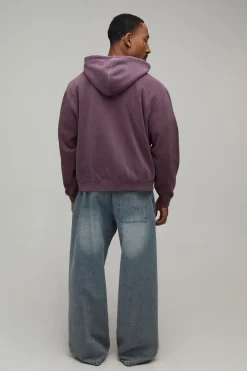boohooMAN Sweat À Casynthétiqueche Zippé Délavé Oversize Style Moto Boxy<Homme Sweats À Capuche Et Sweatshirts|Sweats À Capuche Et Sweats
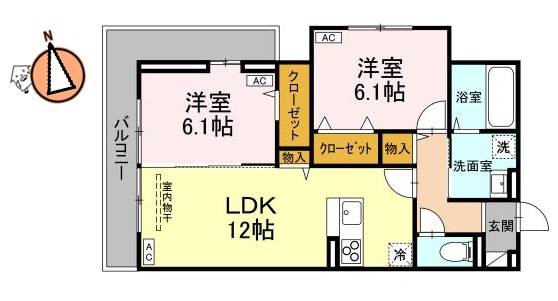 徳島市八万町のアパートの間取り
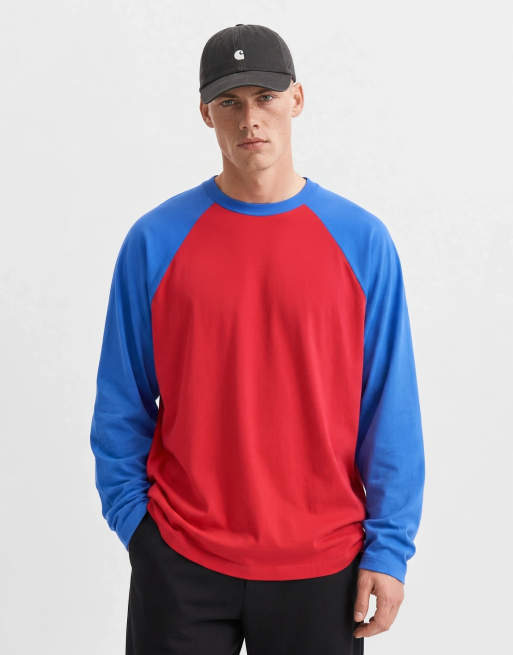 COLLUSION Raglan-Langarmshirt in Burgunderrot und Blau, 6 von 10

——

Write the lines above out again exactly, excluding every picture.

• **Exercise response**
boohooMAN Sweat À Casynthétiqueche Zippé Délavé Oversize Style Moto Boxy<Homme Sweats À Capuche Et Sweatshirts|Sweats À Capuche Et Sweats
 徳島市八万町のアパートの間取り
 COLLUSION Raglan-Langarmshirt in Burgunderrot und Blau, 6 von 10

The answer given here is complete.